The desiccant absorber includes at least two horizontally arranged generally equal length termed stacks, of relatively closely spaced vertically disposed microglass fiber plates. The stacks are disposed in parallel spaced relation so that the plates of each row are generally coplanar with corresponding plates of the other row. A gap is provided between mutually opposed vertical marginal edges of the plate stacks. Concentrated desiccant is introduced into the desiccant absorber from a horizontal microglass fiber plate at the top of the stacks so that the desiccant wicks into the distribution plate and down the vertical fiber plates. A drain pan for collecting the dilute desiccant disposed at the bottom of the desiccant absorber. Ambient air is drawn through the absorber so as to contact the exposed faces of the plates. The air mixes as it passes through the gap between the stacks so as to improve air distribution and reduce channeling or short circuitry with an improvement in the distribution of mass transfer driving force and an increase in mass transfer coefficient to increase the absorption capacity.

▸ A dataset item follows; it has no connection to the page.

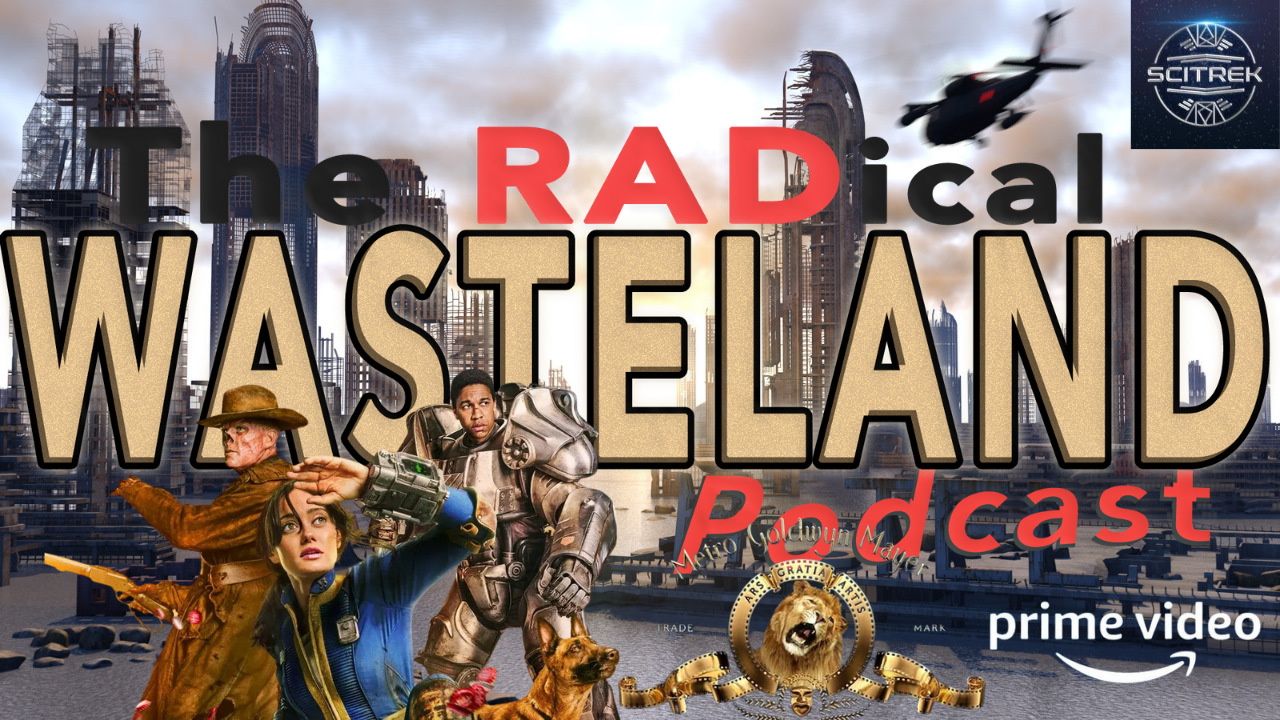 Radical Wasteland Podcast artwork with cityscape and characters.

The various components are disposed with respect to one another to take advantage of gravity feed to communicate the liquid desiccant from the absorber to the boiler via the first and second heat exchangers and the condenser, thereby eliminating the need for multiple pumps in the system.
BRIEF DESCRIPTION OF THE DRAWINGS
In accordance with the above, the present invention will now be described in detail with particular reference to the accompanying drawings.
FIG. 1 is a schematic of a first embodiment of a liquid desiccant air conditioner in accordance with the present invention;
FIG. 2 is a schematic of a second embodiment of a liquid desiccant air conditioner in accordance with the present invention;
FIG. 3 is a schematic of a third embodiment of a liquid desiccant air conditioner in accordance with the present invention;
FIG. 4 is a schematic of a fourth embodiment of a liquid desiccant air conditioner in accordance with the present invention;
FIG. 5 is a schematic of a fifth embodiment of a liquid desiccant air conditioner in accordance with the present invention;
FIG. 6 is a schematic of a sixth embodiment of a liquid desiccant air conditioner in accordance with the present invention;
FIG. 7 is a schematic of a seventh embodiment of a liquid desiccant air conditioner in accordance with the present invention;
FIG. 8 is an exploded isometric view of the portable liquid desiccant dehumidifier in accordance with the present invention;
FIG. 8A is a block diagram depicting the general operation of the liquid desiccant dehumidifier;
FIG. 9 is an exploded isometric view of a desiccant absorber assembly;
FIG. 9A is a detail view of the microglass fiber plates in the absorber;
FIG. 9B is a side elevational view of a desiccant absorber in accordance with another embodiment;
FIG. 9C is a detail view of the absorber pads;
FIG. 9D is an isometric view of the desiccant absorber of FIG. 9B;
FIG. 10 is an isometric view of a boiler;
FIG. 11 is an isometric view of a coiled interchange heat exchanger and the boiler;
FIG. 11A is an isometric view of a boiler in an alternative embodiment;
FIG. 12 is an isometric view of a split interchange heat exchanger;
FIG. 12A is a plan view of an inner tube for an interchange heat exchanger having a convoluted profile;
FIG. 12B is a plan view of an inner tube for an interchange heat exchanger having a corrugated profile;
FIG. 13 is an isometric cut-away view of a condenser in a first embodiment;
FIG. 14 is an isometric cut-away view of an inner shell of the condenser shown in FIG. 13;
FIG. 15 is an isometric cut-away view of a condenser in a second embodiment;
FIG. 16 is an isometric cut-away view of a condenser in a third embodiment;
FIG. 17 is an isometric view of a condenser in a fourth embodiment;
FIG. 18 is an isometric view of a condenser is a fifth embodiment;
FIG. 19 is an isometric cut-away view of a frame for housing the respective components of the system;
FIG. 20 is an isometric cut-away view depicting the frame and some of the components installed therein; and
FIG. 21 is an exploded perspective view of an alternative embodiment of a liquid desiccant dehumidifier in accordance with the present invention;
FIG. 22 is a plan view of the absorber illustrated in FIG. 21 but with the top plate removed to illustrate the gap between the two stacks of absorber plates for improved distribution of mass transfer resulting from passive mixing of air within the gap;
FIG. 23 is a front elevational view of the absorber illustrated in FIG. 22;
FIG. 24 is a perspective view of the boiler and associated interchange heat exchanger of FIG. 21 but with the outer shell or housing removed for clarity;
FIG. 25 is a plan view of the boiler and associated coil interchange heat exchanger illustrated in FIG. 24, portions being broken away for clarity;
FIG. 26 is a transverse sectional line taken substantially along line 26--26 of FIG. 25;
FIG. 27 is a perspective view of the coiled condenser of FIG. 21 with the top plate removed to show the internal convoluted tube through which desiccant is passed; and
FIG. 28 is an enlarged detail view, taken within the line 28--28 of FIG. 27.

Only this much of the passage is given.